Lately I feel as though I’ve been going through a spiritually dry time. To help with this I decided to read something else daily to encourage me in my devotions. So I picked up Valley of Vision, which was given to us as a gift years ago by a former pastor. It is a collection of Puritan prayers and devotions written in the first person. Reading these prayers has been very encouraging and convicting. I really look forward to it every day.
One thought that sometimes swirls around my head before I try to squash it, is that I’ve already read the bible numerous times so I know what’s in it. There’s nothing to “look forward to” as new material. My parents even had me memorize long passages of it as a child. I know that this is wrongful thinking because God’s word is vast and “unsearchable” and He is infinite. A lifetime of studying the bible could not uncover even a fraction of its riches and insight. I know that.
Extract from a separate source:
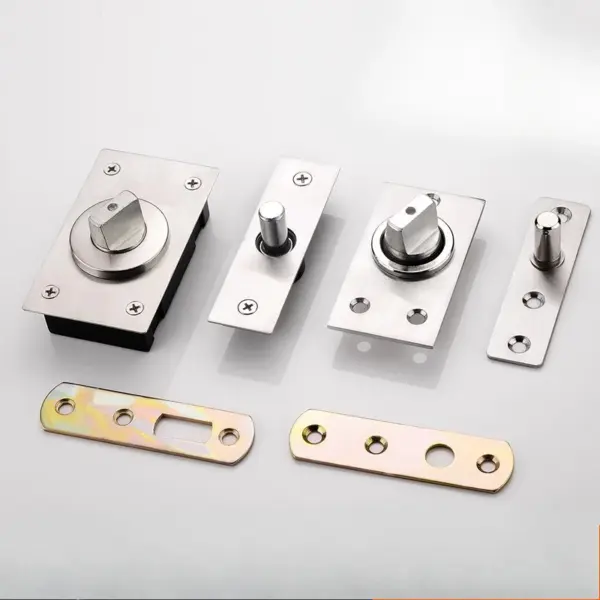 Premium Heavy-Duty Stainless Steel 360-Degree Concealed Hinge for Wooden Doors Thickened Vertical Horizontal Axis Pivot Hinges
But sometimes it’s difficult to plod on during dry times and suppress those feelings of “I already know this stuff.” So this passage below struck a chord with me.
“I am often straying,
often knowingly opposing thy authority,
often abusing thy goodness;
Much of my guilt arises from my religious privileges,
my low estimation of them,
my failure to use them to my advantage,
But I am not careless of thy favor or regardless of thy glory;
Impress me deeply with a sense of thine omnipresence,
that thou art about my path, my ways, my lying down, my end.”
Someone wrote this hundreds of years ago and yet I can relate to him. One reason I have enjoyed this book is that it gives me a connection with the broader church--saints who have gone before me and I will never meet in this lifetime.